В каждом из двух упомянутых случаев протесты представляют собой микрокосм тенденций в глобальном обществе, следующем своим курсом. И то, что происходит в загнивающем промышленном центре самой богатой и могущественной за всю историю человечества страны, и то, что мы видим в регионе, который президент Дуайт Эйзенхауэр назвал «самым стратегически важным в мире», «колоссальным источником стратегического могущества» или, если воспользоваться выражением Госдепартамента Соединенных Штатов, которые решили приберечь этот регион для себя и своих союзников, устанавливая в 1940-х годах новый мировой порядок, «самой желанной сферой вложения иностранных инвестиций»[108], несомненно влечет за собой далекоидущие последствия.

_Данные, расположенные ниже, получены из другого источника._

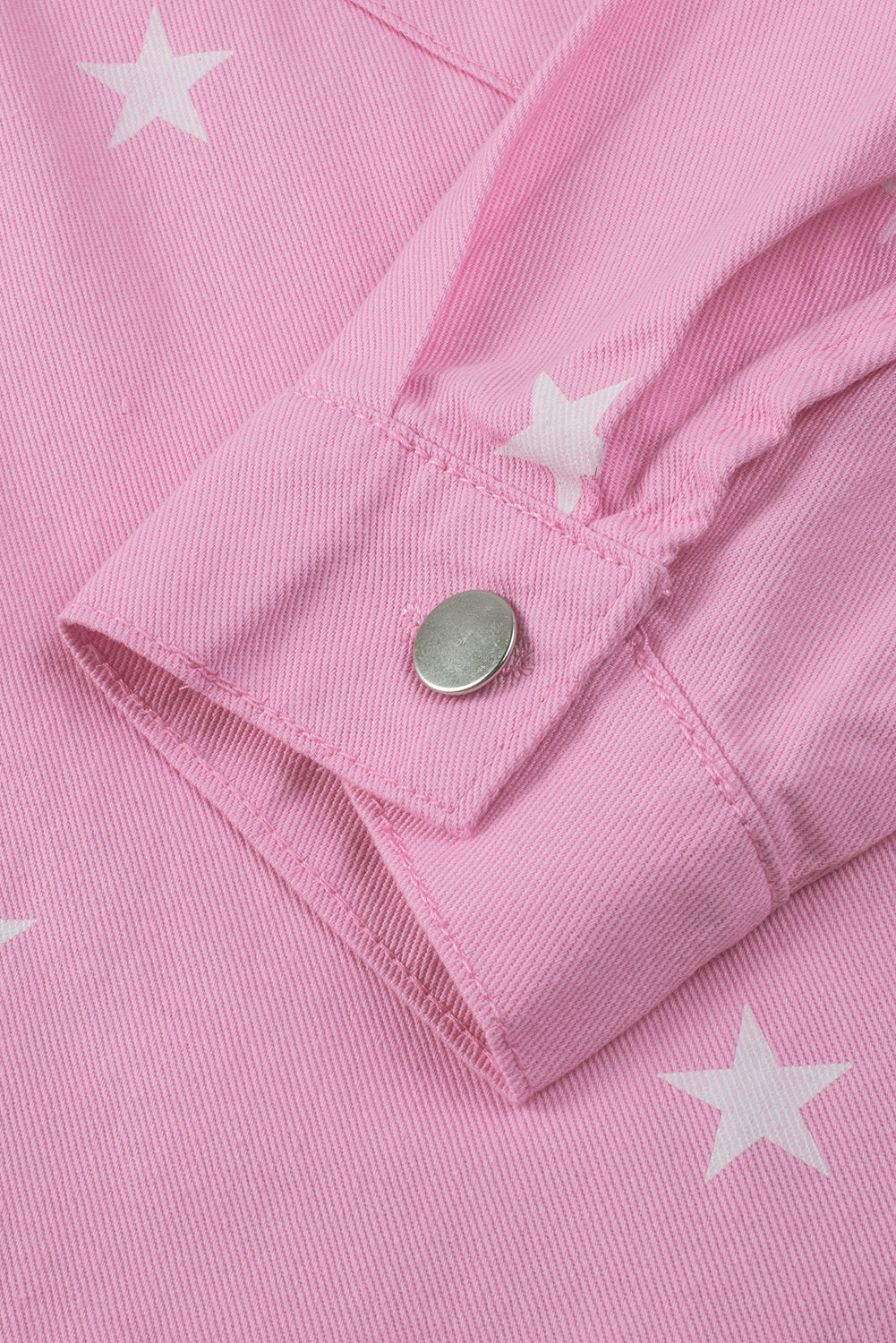 Pink Star Print Button Denim Jacket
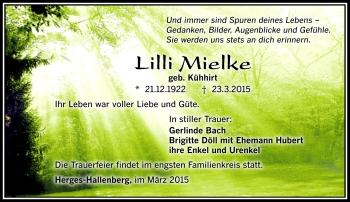 Traueranzeige von Lilli Mielke von Südthüringer Presse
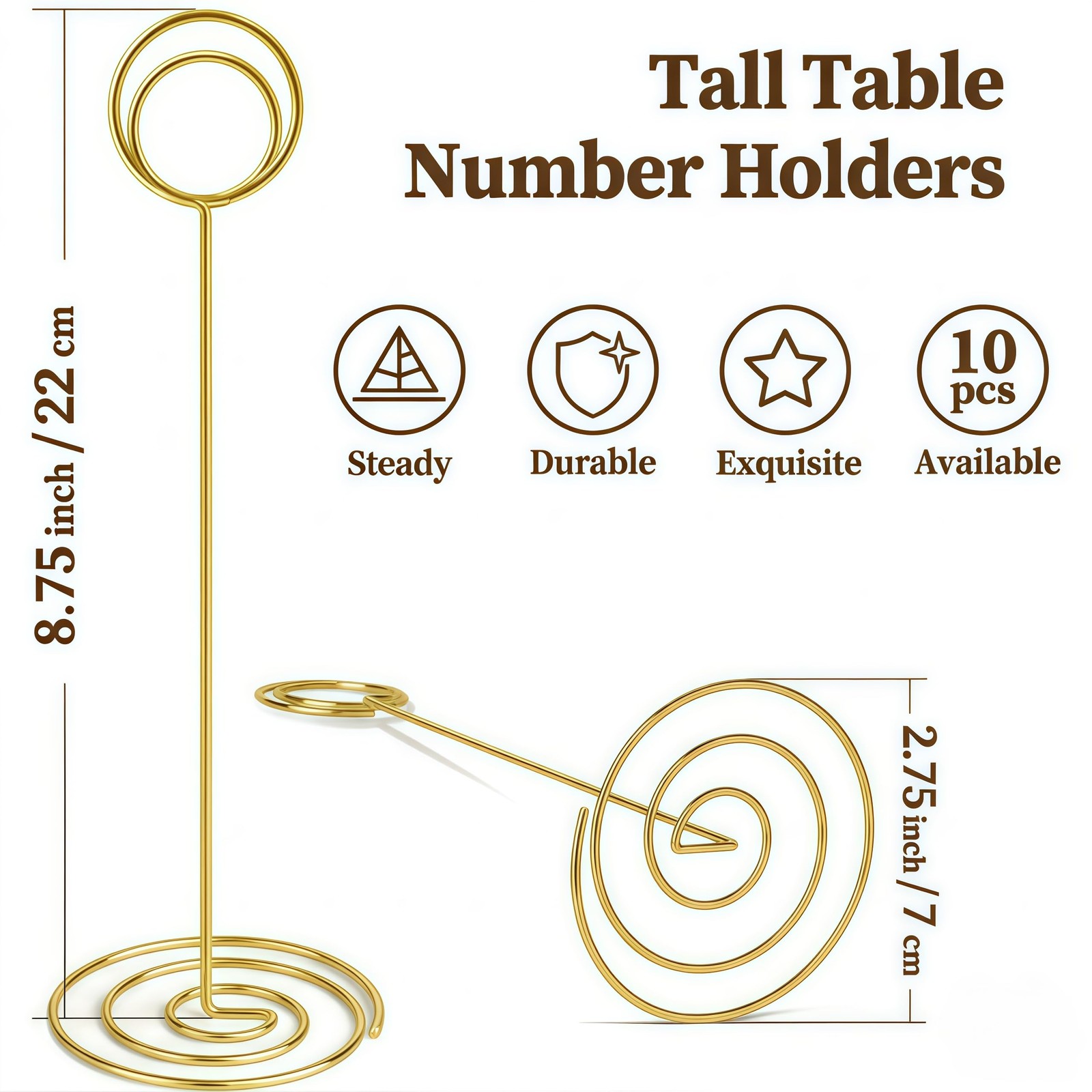 Radezon 20 Pack 8.75 inch Tall Table Number Holders inch-20Pack, Gold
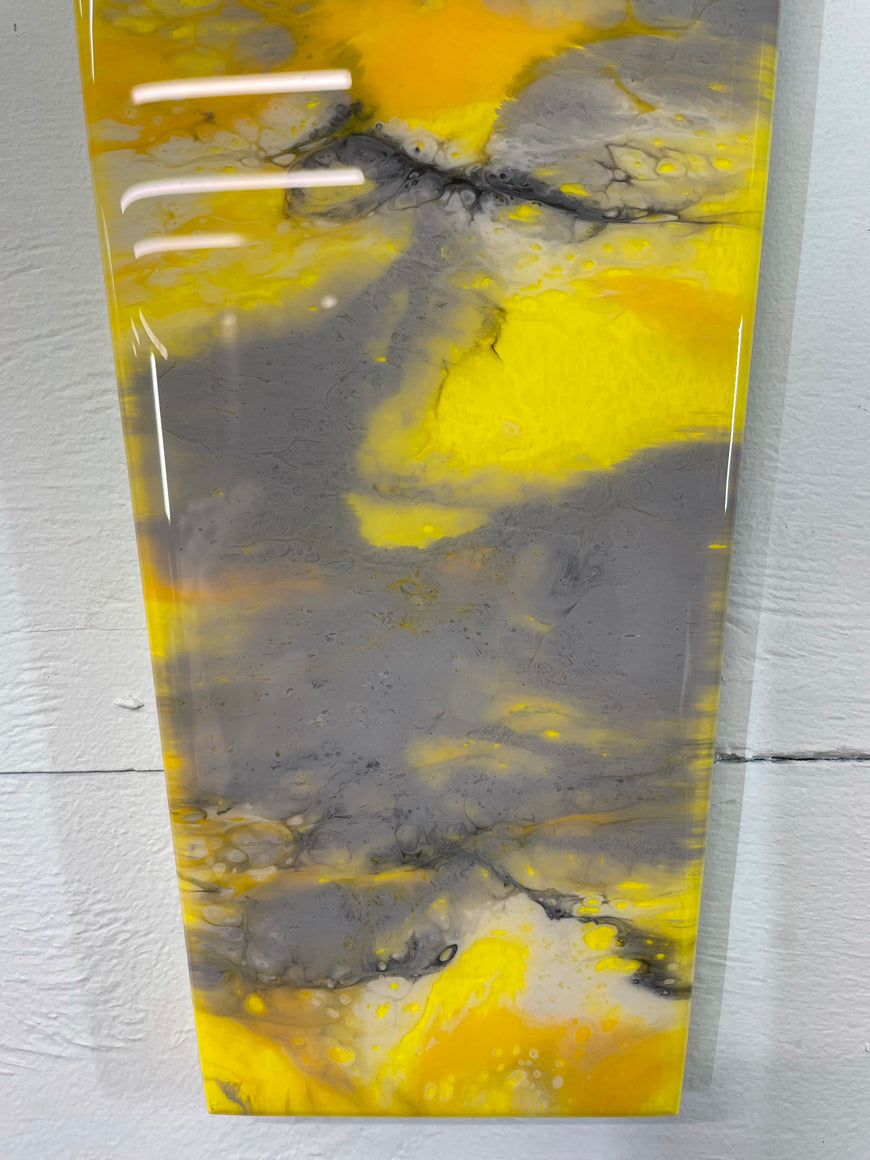 Narrow Yellow Grey and Orange Abstract Resin Wall Clock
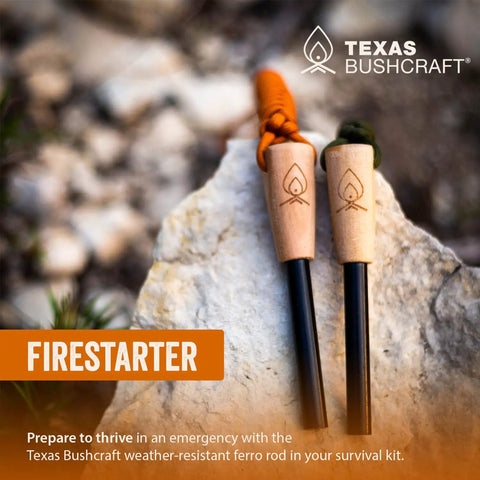 Bushcraft Fire Starter With Three Eighths Inch Ferro Rod Striker And Paracord Wrist Lanyard Waterproof Flint Fire Steel Survival Lighter For Camping Hiking And Backpacking Gear With 5000 Degree Sparks displayed on rock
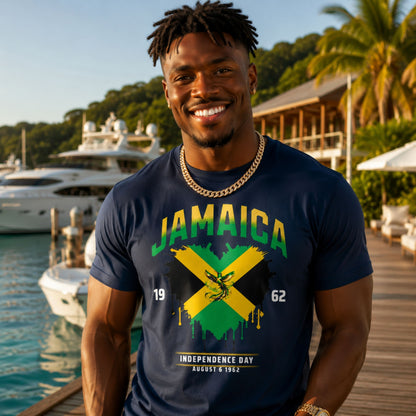 Jamaica Independence wht text | Unisex Cotton Tee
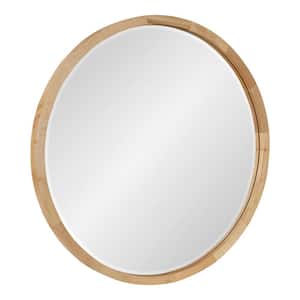 McLean 24 in. x 24 in. Classic Round Framed Natural Wall Mirror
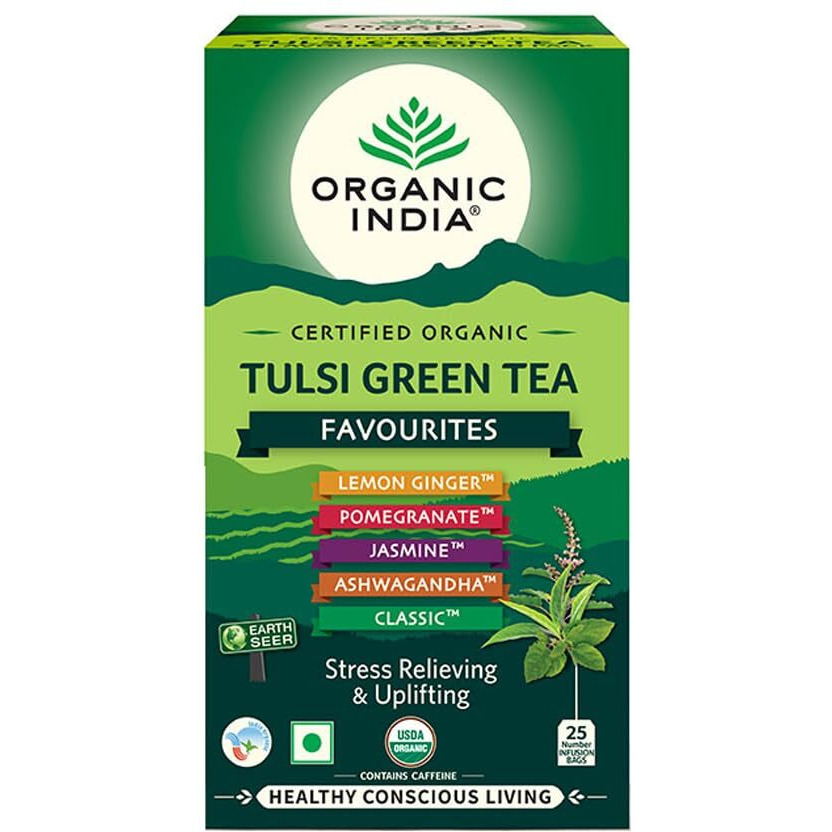 ORGANIC INDIA Tulsi Green Tea Favourites Pack 25 Teabags,200 Grams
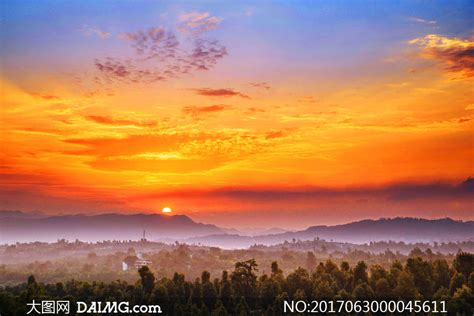 晚霞美景图片大全,山水风景,美景图片大全_大山谷图库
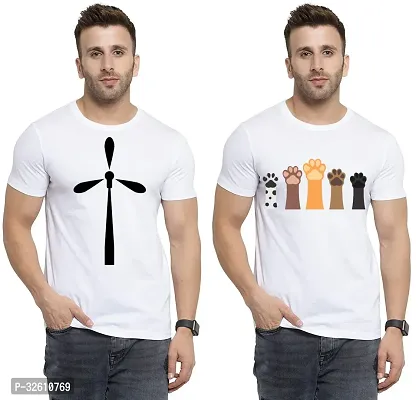 Reliable White Polycotton Printed Round Neck Tshirt For Men Pack Of 2-thumb0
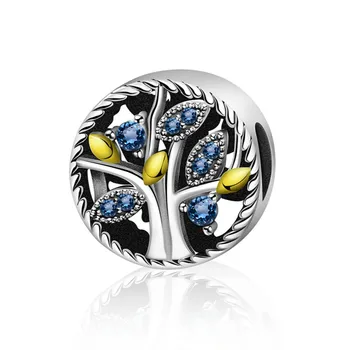 

2019 NEW 100% 925 Sterling Silver Sapphire Flashing Tree of Life Charm Beading Suitable DIY Bracelet Women Jewelry Gift Factory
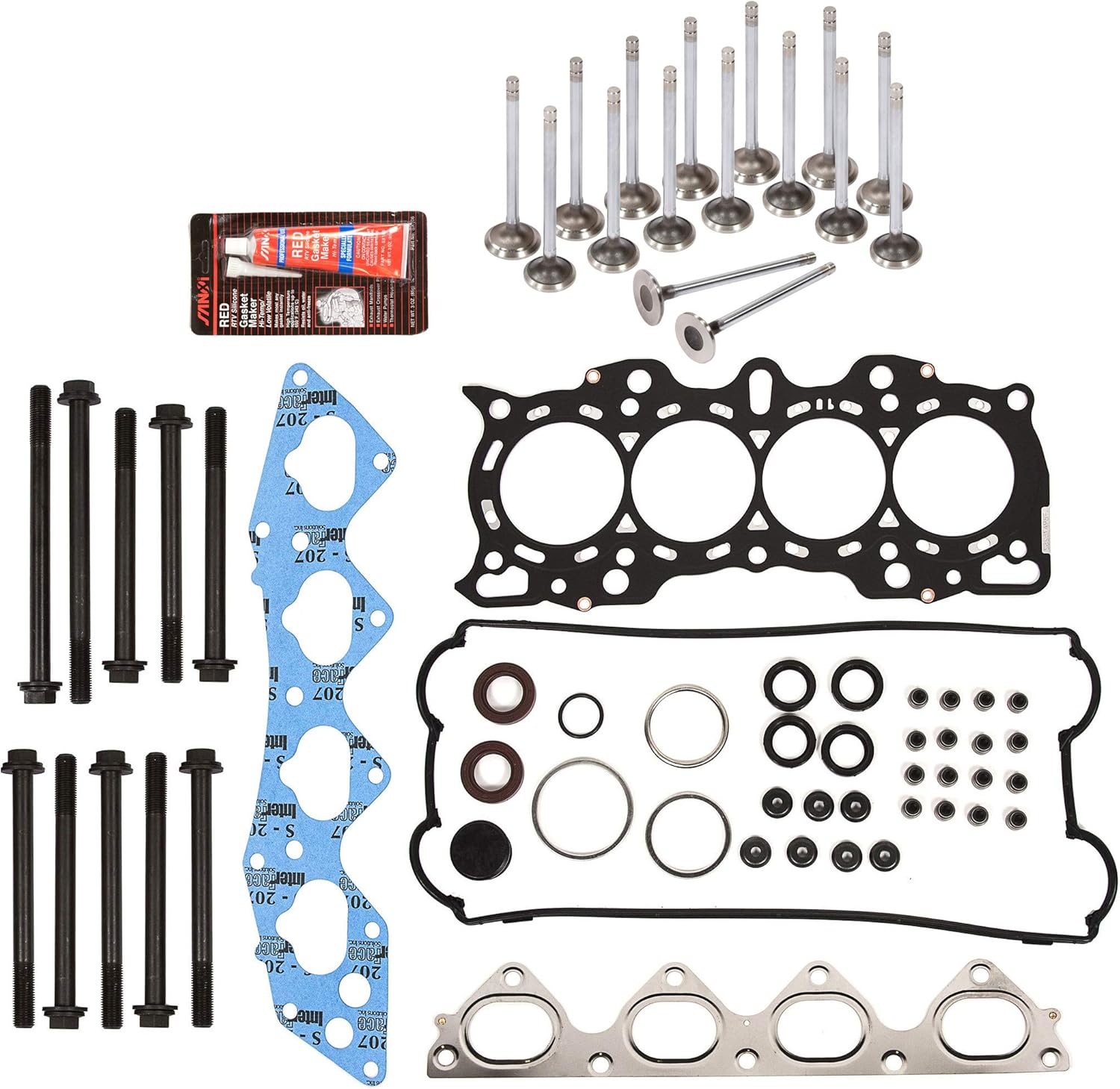Evergreen HSHBIEV4030 Head Gasket Set Intake Exhaust Valves Compatible with 97-01 Honda CRV 2.0L DOHC B20B4 B20Z2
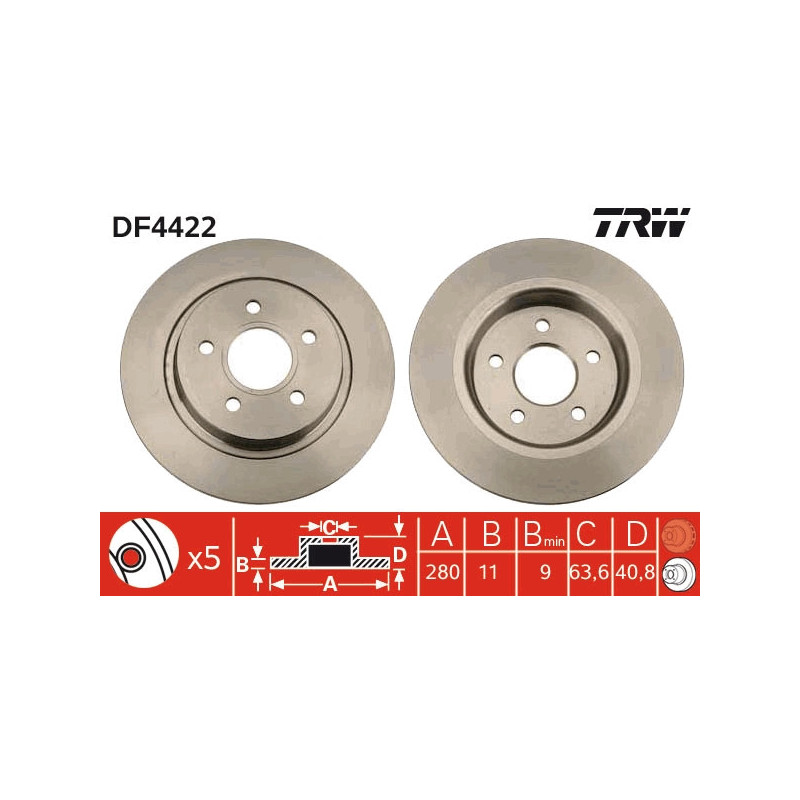 Kočioni disk FORD C-Max, Focus, VOLVO C30, C70, S40, V50 stražnji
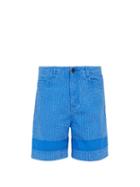 Matchesfashion.com Craig Green - Cut Out Pocket Cotton Shorts - Mens - Blue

Несмотря на все перемены, имевшие место в последующие годы, есть все основания полагать, что нынешние политики в основном придерживаются позиции Адольфа Берла, влиятельного советника президента Франклина Делано Рузвельта, в соответствии с которой контроль над колоссальными запасами энергоносителей на Ближнем Востоке обеспечивает одновременно «существенный контроль над всем миром»[109]. Соответственно, принято считать, что утрата этого контроля может воспрепятствовать реализации американского проекта глобального доминирования, ясно изложенного во время Второй мировой войны и с тех пор упорно претворяемого в жизнь перед лицом изменений в мировом порядке.
Еще в 1939 году, когда только началась война, Вашингтон по ее окончании намеревался занять положение ведущей мировой державы. В военные годы высокопоставленные чиновники Госдепартамента и специалисты по международным отношениям неоднократно встречались, вырабатывая планы для послевоенного мира. Они очертили «великую зону» американского доминирования, в которую вошло Западное полушарие, Дальний Восток, а также бывшая Британская империя с ее ресурсами энергоносителей на Ближнем Востоке. Когда Россия после Сталинграда стала перемалывать нацистские армии, «великая зона» распространилась и на Евразию, по крайней мере на ее экономическое сердце – Западную Европу. В обозначенной зоне Соединенные Штаты намеревались обладать «неоспоримым могуществом», основанным на «военном и экономическом превосходстве», но одновременно с этим «ограничивать любые суверенные действия» государств, способных помешать реализации их глобальных планов[110].
Вскоре планы военного времени были реализованы. Считалось общепризнанным, что Восточная Европа может выбрать для себя курс на независимость, и Североатлантический альянс (НАТО) отчасти был создан как раз для борьбы с этой угрозой. Как только официального предлога существования блока в 1989 году не стало, он начал расширяться на восток вопреки устным обещаниям, данным советскому лидеру Михаилу Горбачеву. Впоследствии альянс превратился в возглавляемую США «армию вторжения широкого спектра действия», как назвал ее генерал Яапп де Хооп Схеффер, заявивший на конференции НАТО, что «наши войска должны охранять трубопроводы, по которым на Запад идет нефть и газ», а также, в более широком смысле, морские пути, используемые танкерами, равно как и другие «жизненно важные инфраструктуры» энергетической системы[111].
Доктрина «великой зоны» санкционирует военное вторжение по собственному усмотрению. Подобный вывод однозначно сформулировала администрация Клинтона, заявив, что Соединенные Штаты обладают правом использовать военную силу для обеспечения «беспрепятственного доступа к ключевым рынкам, поставкам энергоносителей и стратегическим ресурсам» и поэтому должны содержать в Европе и Азии многочисленную армию «передового базирования», чтобы «формировать общественное мнение о нас» и «определять события, способные оказать влияние на нашу безопасность и благосостояние»[112].